After months of the depressing sight of brown, leafless trees and mush for ground, the Earth is finally reawakening, bringing back colour, lush green grass, and a seasonal favourite of ours: cherry blossom. After all, it’s a budding photographer’s best friend in spring.
The stunning trees pop up in all corners of Yorkshire this time of year, but there’s one place in particular that hosts them best: The Stray in Harrogate.
A perfectly pruned park in the gorgeous, historic town of Harrogate, The Stray is home to an ‘avenue’ of cherry blossom trees, which line the path through a section of the park making for stunning photo-opps. Like a little slice of Japan in Yorkshire, the trees form a natural archway that you can potter underneath, making for a beautiful bit of scenery for all who visit.
In the spring months, the avenue pops with candyfloss pinks, while the edges of the path gather a sprinkling of the pretty petals, and other areas of the park become dotted with the happy yellow of daffodils and the striking violet of crocuses.
In addition to the blossoms, The Stray boasts 200 acres of well-groomed parkland, conveniently situated in the heart of the up-market spa town. Naturally, the park lends itself well to picnics and events, however, it’s surrounded by incredible independent coffee shops, restaurants and shops – making it a great spot for a wholesome stroll before doing a spot of shopping.
The gorgeous park dates back to the 1700s and is owned by the Duchy of Lancaster, who transformed it from its Forest of Knaresborough origins, to an enclosed piece of land that the public could use to walk and to exercise, while also providing access to Harrogate’s famous mineral springs.
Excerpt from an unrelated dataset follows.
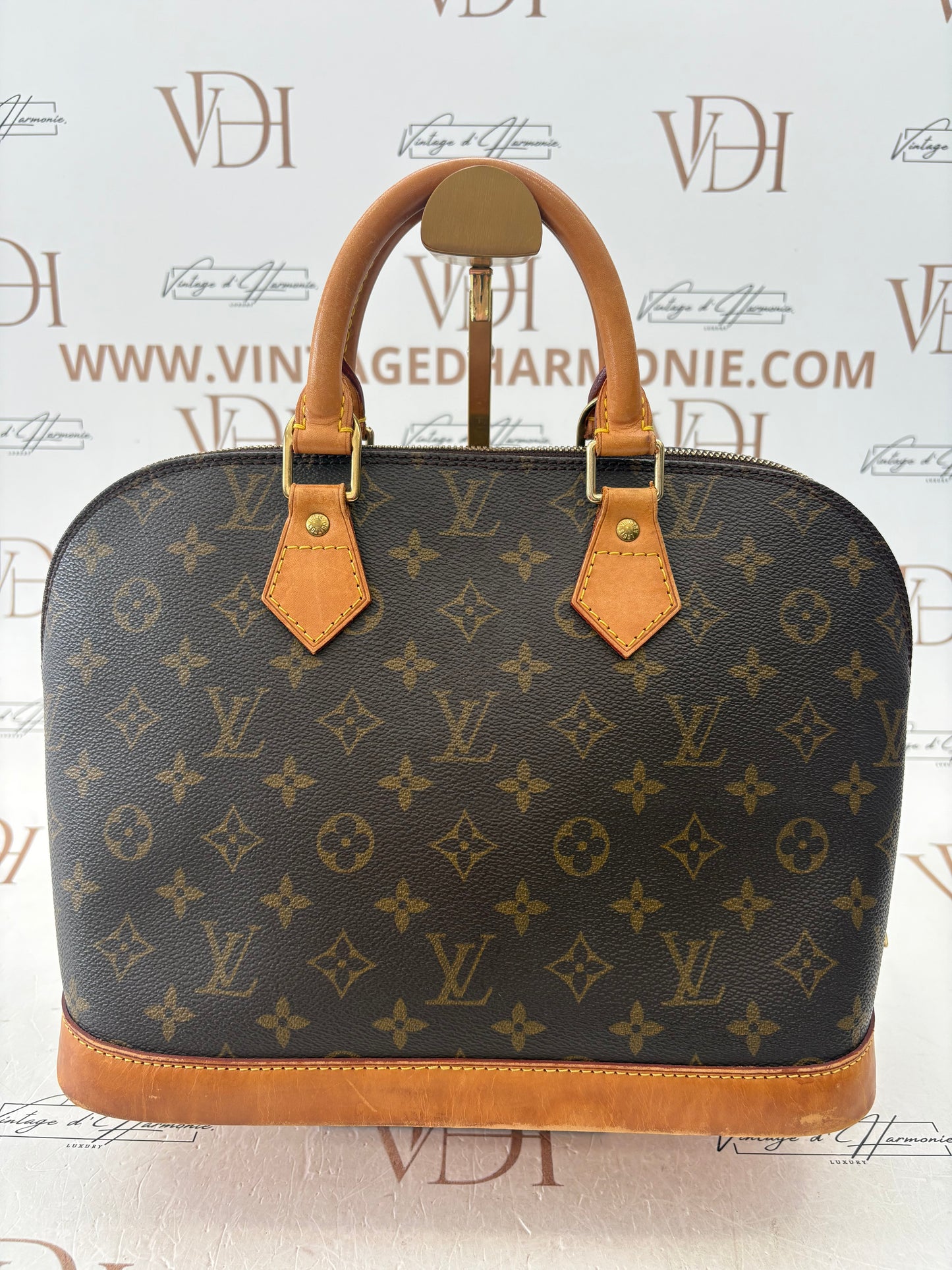 018094 - Louis Vuitton Alma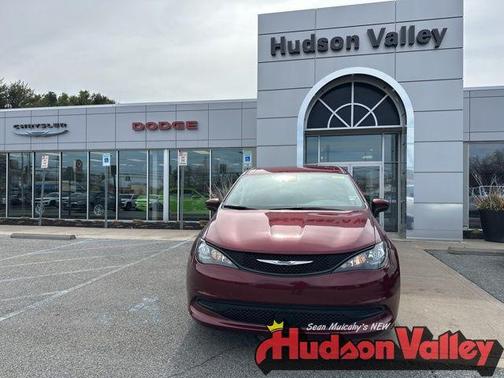 Velvet Red Pearlcoat 2023 Chrysler Voyager LX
The land also had grazing rights, allowing animals to stray freely – which is also how it coined its name ‘The Stray’.
Today, The Stray remains protected by a number of Acts of Parliament, ensuring it remains beautifully preserved for years to come, with bye-laws written in that strictly determine how the space can be used.
The park is open to the public daily, and will likely be adorned in cherry blossom until early May.